In crystallography, the terms crystal system, crystal family, and lattice system each refer to one of several classes of space groups, lattices, point groups, or crystals. Informally, two crystals are in the same crystal system if they have similar symmetries, although there are many exceptions to this.

Crystal systems, crystal families, and lattice systems are similar but slightly different, and there is widespread confusion between them: in particular the trigonal crystal system is often confused with the rhombohedral lattice system, and the term "crystal system" is sometimes used to mean "lattice system" or "crystal family".

Space groups and crystals are divided into seven crystal systems according to their point groups, and into seven lattice systems according to their Bravais lattices. Five of the crystal systems are essentially the same as five of the lattice systems, but the hexagonal and trigonal crystal systems differ from the hexagonal and rhombohedral lattice systems. The six crystal families are formed by combining the hexagonal and trigonal crystal systems into one hexagonal family, to eliminate this confusion.

## Overview

A lattice system is a class of lattices with the same set of lattice point groups, which are subgroups of the arithmetic crystal classes.

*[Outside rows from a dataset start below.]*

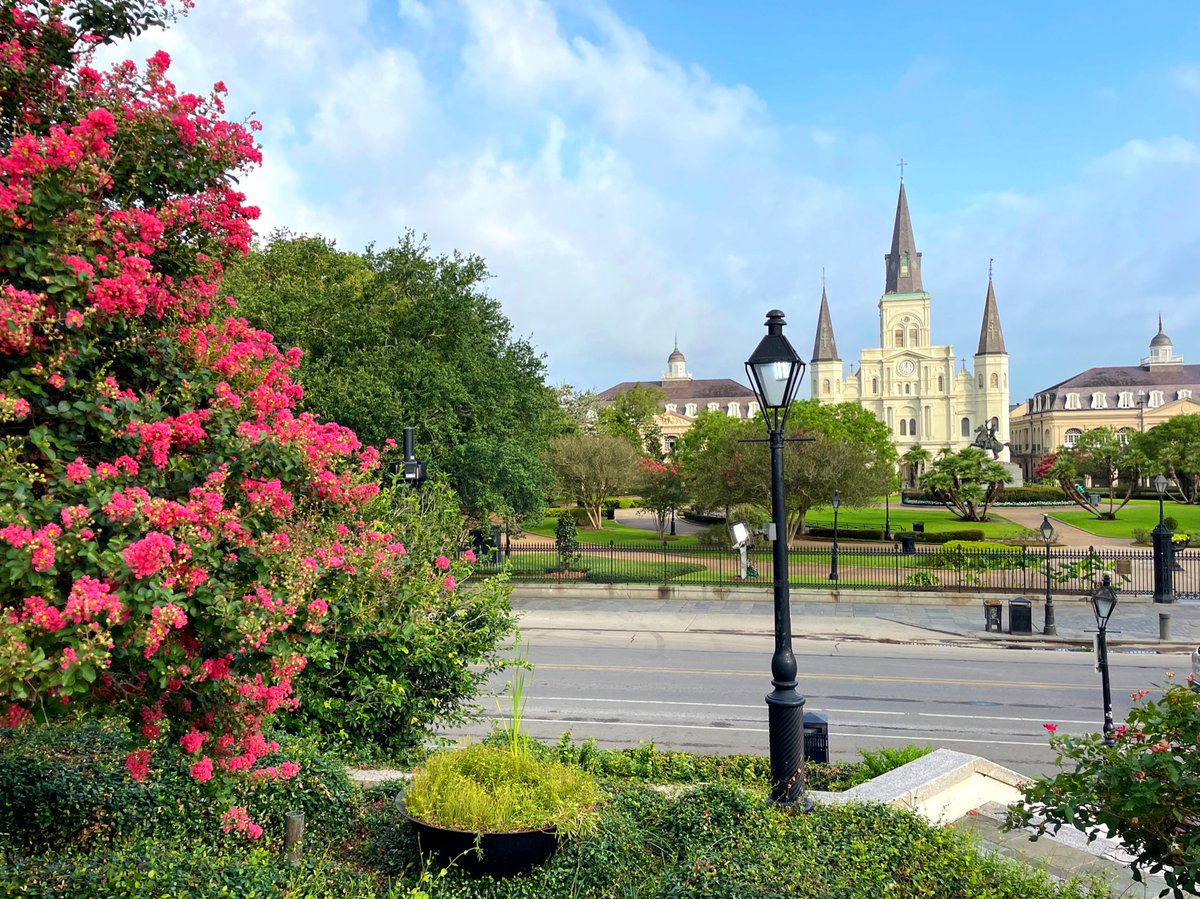 DavidMora's tweet photo. Crepe myrtle season is in full effect! 🌞🌿🩷 #NewOrleans #OnlyLouisiana https://t.co/BtWae7TTBm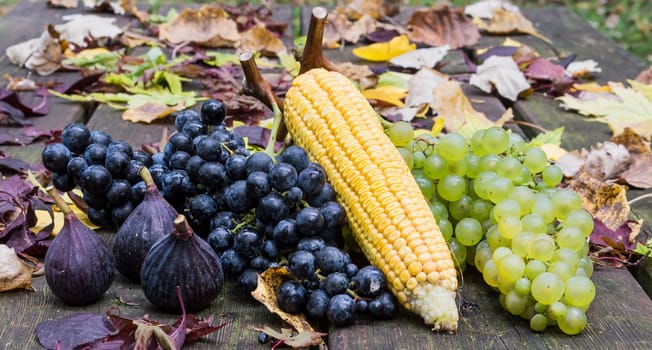 fruits of autumn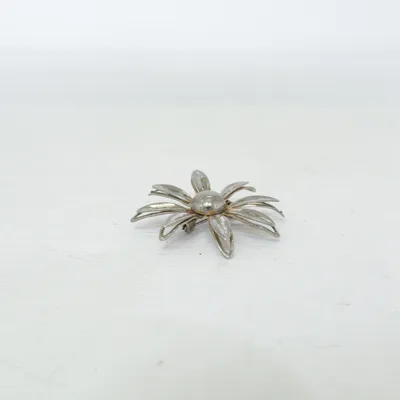 Brosch (Silverfärgad) Okänd metall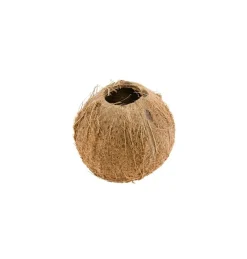 Kokosnøttskall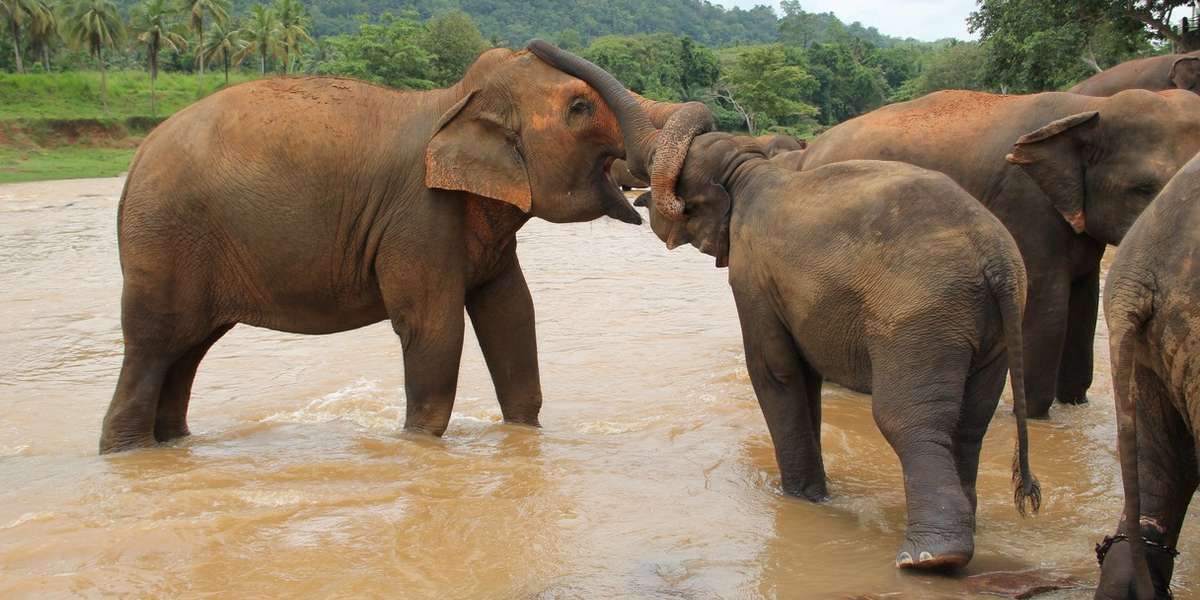 5 Traits That Prove Elephants Are Gentle Giants The Dodo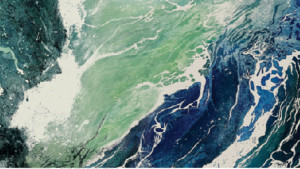 বছরজুড়ে যুদ্ধের আশঙ্কা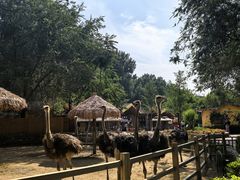 -北京野生动物园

The 14 Bravais lattices are grouped into seven lattice systems: triclinic, monoclinic, orthorhombic, tetragonal, rhombohedral, hexagonal, and cubic.

In a crystal system, a set of point groups and their corresponding space groups are assigned to a lattice system. Of the 32 point groups that exist in three dimensions, most are assigned to only one lattice system, in which case both the crystal and lattice systems have the same name. However, five point groups are assigned to two lattice systems, rhombohedral and hexagonal, because both exhibit threefold rotational symmetry. These point groups are assigned to the trigonal crystal system. In total there are seven crystal systems: triclinic, monoclinic, orthorhombic, tetragonal, trigonal, hexagonal, and cubic.

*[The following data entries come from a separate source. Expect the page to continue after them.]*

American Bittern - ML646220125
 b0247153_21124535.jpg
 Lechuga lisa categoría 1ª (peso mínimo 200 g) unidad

A crystal family is determined by lattices and point groups. It is formed by combining crystal systems which have space groups assigned to a common lattice system. In three dimensions, the crystal families and systems are identical, except the hexagonal and trigonal crystal systems, which are combined into one hexagonal crystal family. In total there are six crystal families: triclinic, monoclinic, orthorhombic, tetragonal, hexagonal, and cubic.

Spaces with less than three dimensions have the same number of crystal systems, crystal families, and lattice systems. In one-dimensional space, there is one crystal system. In 2D space, there are four crystal systems: oblique, rectangular, square, and hexagonal.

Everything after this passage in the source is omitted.